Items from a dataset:
========
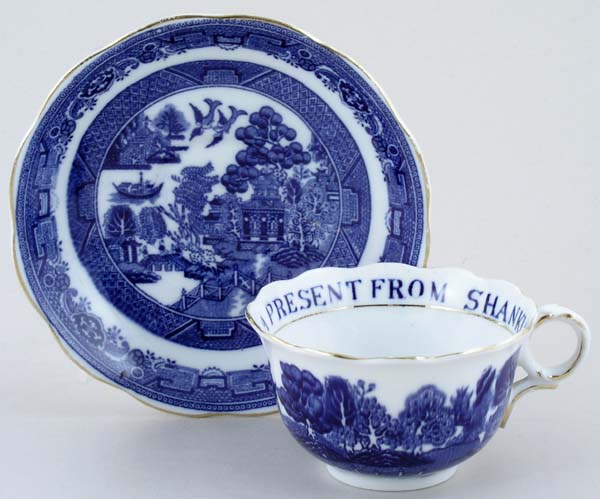 Teacup and Saucer Shanklin c1910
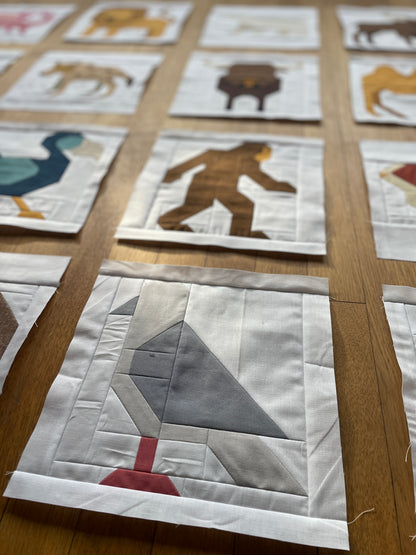 Taube – PDF Quilt Block Anleitung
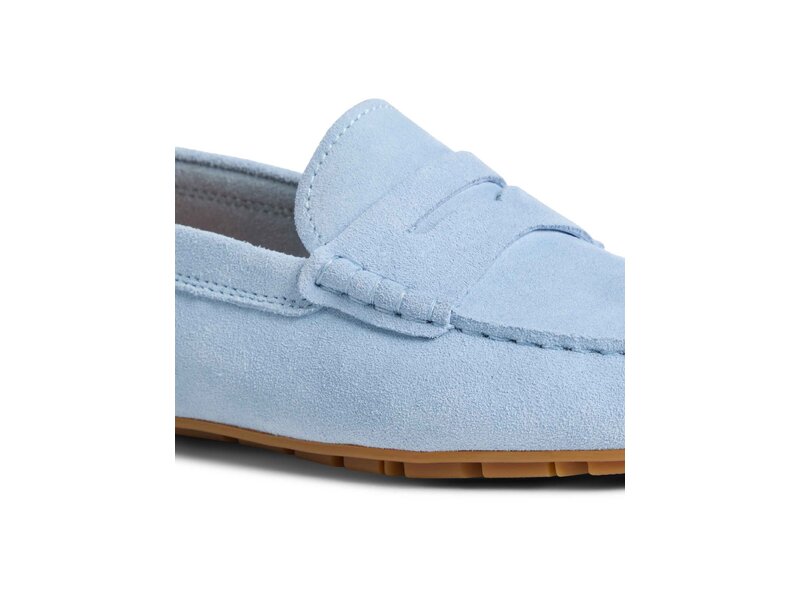 Tommy Hilfiger - FLAG SOFT SUEDE DRIVER LOAFER - Blau 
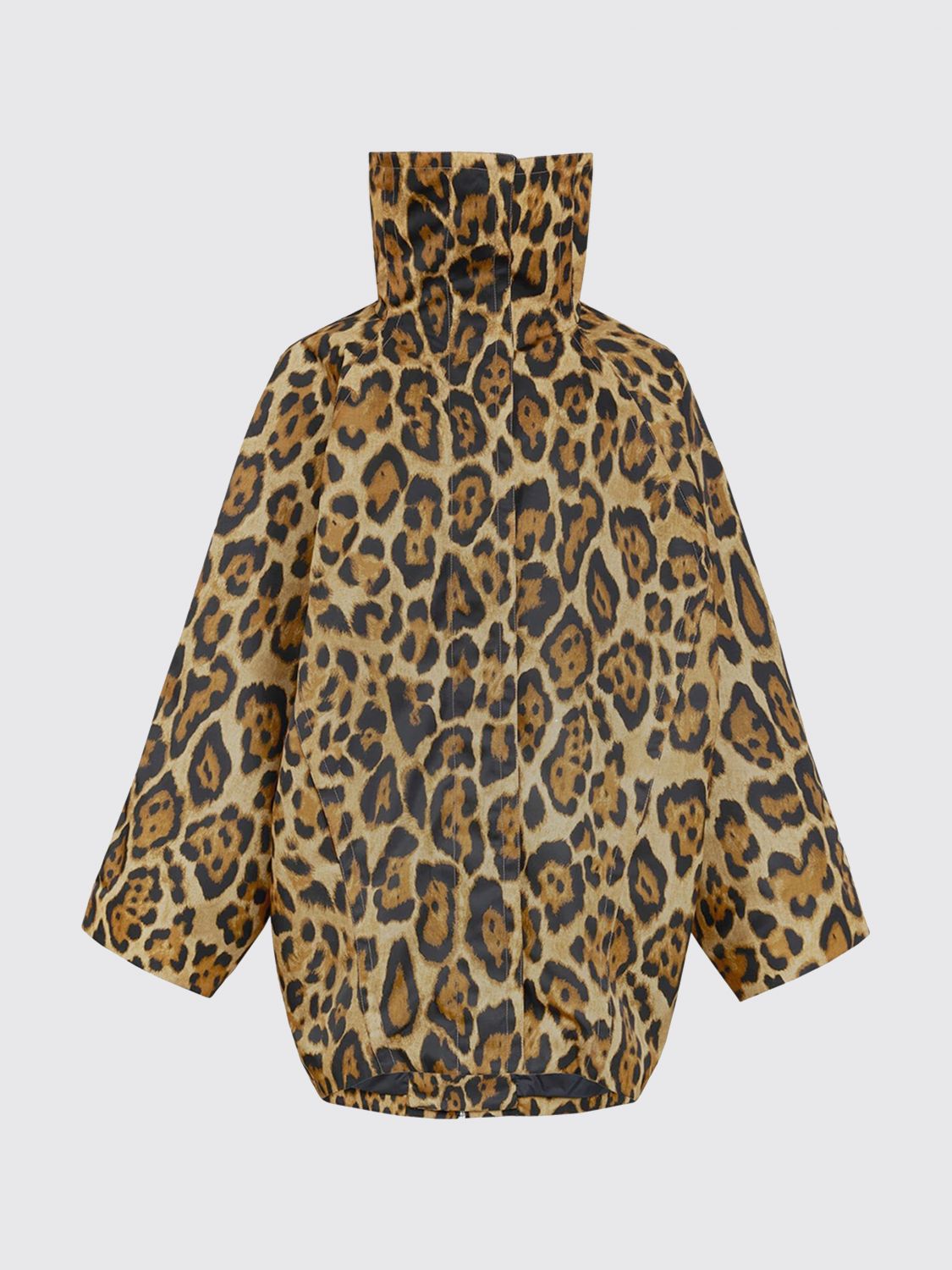 AlaiA Women Alaia Safari-Style Single-Breasted Short Coat In Animal Print Twill ALAIA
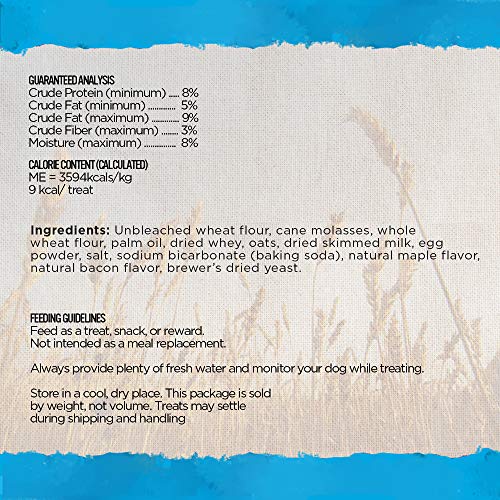Blue Dog Bakery Natural Dog Treats, Maple Bacon Paws, 18 Ounce Box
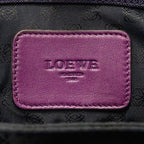 Loewe Bag Shoulder 2-Way Canvas Navy Tassel Fringe — view 6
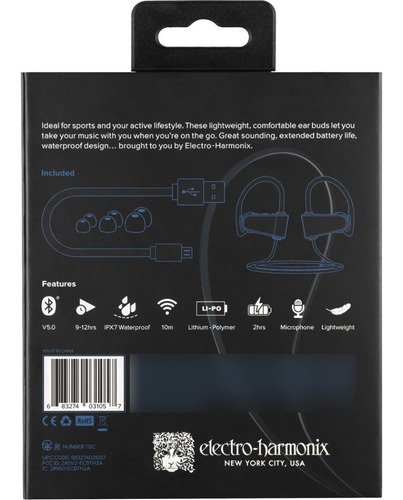 Imagen 6 de 6 de Audifonos Electro Harmonix Sport Buds Bluetooth Earphone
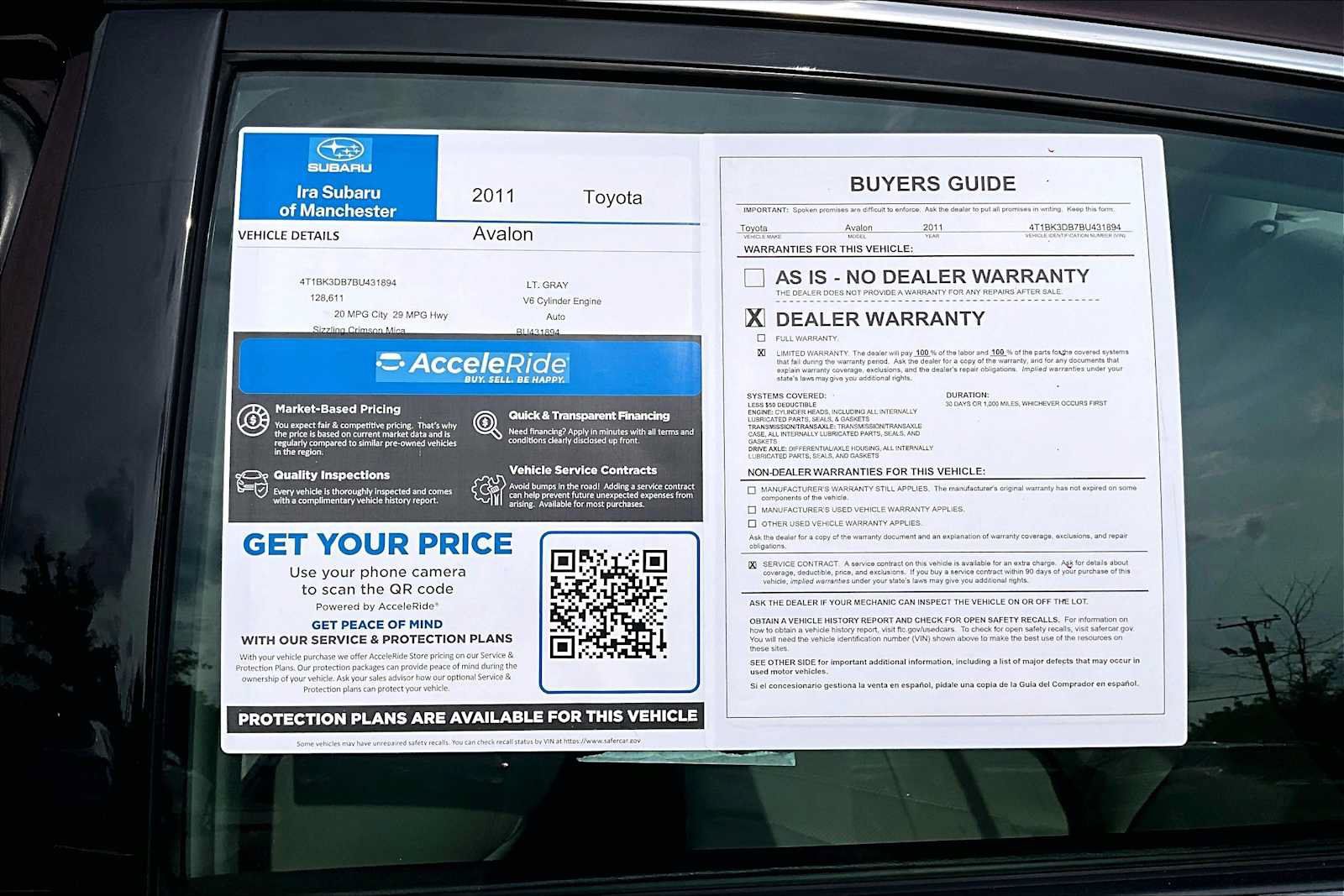 Used 2011 Toyota Avalon Limited FWD image 35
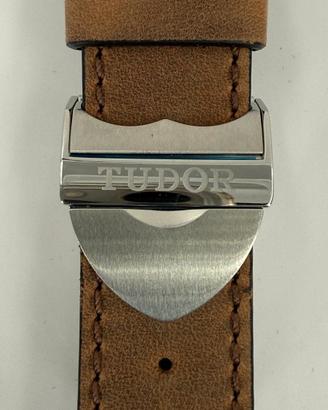 Cinturino Tudor in pelle con deployante originale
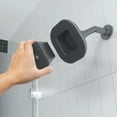 thumbnail image 6 of (2 pack) Atomi Bluetooth Speaker Showerhead, Matte Black, 1.8 GPM, AT1490B, 6 of 11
========
You need to restate all of the entries above exactly and leave the pictures behind.

▶ Completed task
 Teacup and Saucer Shanklin c1910
 Taube – PDF Quilt Block Anleitung
 Tommy Hilfiger - FLAG SOFT SUEDE DRIVER LOAFER - Blau 
 AlaiA Women Alaia Safari-Style Single-Breasted Short Coat In Animal Print Twill ALAIA
Blue Dog Bakery Natural Dog Treats, Maple Bacon Paws, 18 Ounce Box
 Loewe Bag Shoulder 2-Way Canvas Navy Tassel Fringe — view 6
 Imagen 6 de 6 de Audifonos Electro Harmonix Sport Buds Bluetooth Earphone
 Used 2011 Toyota Avalon Limited FWD image 35
 Cinturino Tudor in pelle con deployante originale
 thumbnail image 6 of (2 pack) Atomi Bluetooth Speaker Showerhead, Matte Black, 1.8 GPM, AT1490B, 6 of 11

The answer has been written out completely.